Ideally, you grade your progress throughout your cadence period, which refers to the duration of time that you work on key results (for most companies, this is a quarter). Many companies conduct a weekly OKR review in which teams provide an interim grade for each key result; other companies evaluate OKRs only at midterm.
Frequent reviews help you and your colleagues track progress and gauge the likelihood of completing key results. Routine grading also shows which items you can’t complete, so teams can focus their energy on the viable key results. Learn more about cadences in our guide to writing OKRs.
No matter how often you review OKRs, you will assign final grades at the end of each quarter.

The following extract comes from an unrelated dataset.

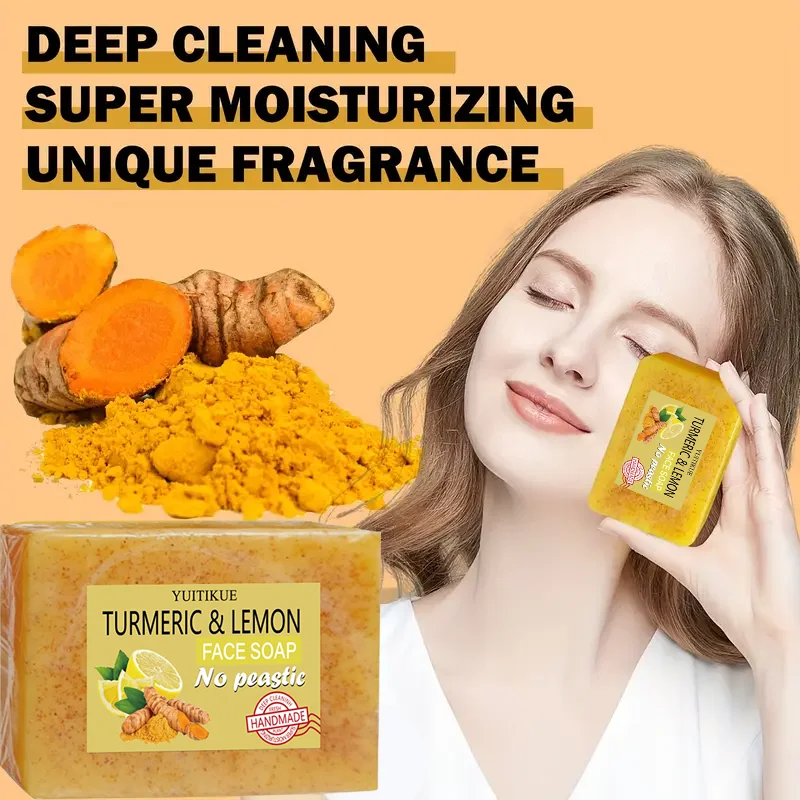 YUITIKUE Turmeric and Lemon Soap Lemon Cleanser Brightens Dull Skin Minimizes Pores Enhances Skin Tone Exfoliating Soap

Start determining the final score two weeks before the end of the cadence period— the earlier you understand what work you completed, the sooner you can set new OKRs, reset existing OKRs that you didn’t complete (but that are valuable), and plan for the next quarter.
You can use several methods to grade OKRs. Regardless of the method you choose, you’ll need to determine at the outset what scale to use, what each increment represents, and how to define progress. For example, if your key result is to win 20 new memberships, will winning 10 memberships score an 0.5, or will 14 memberships score an 0.7? In addition, each key result needs its own scoring criteria. The whole team must clearly understand the scale for each key result they will work on.
In your meetings and your tracking reports, you can label scores one or more of the following ways:
- On-target
- Off-target
- At-risk
Or
- Green
- Yellow
- Red
Or
- On a scale of up to 100 percent
Or
- On a scale of 1 to 10
Some experts suggest that if a key result is activity-based (something that you either do or don't do), you should assign only a binary score (either a one/zero or yes/no). Some experts also recommend this scoring approach for committed OKRs, which are critical goals that the team must complete. To learn more about committed OKRs, see our guide on writing OKRs.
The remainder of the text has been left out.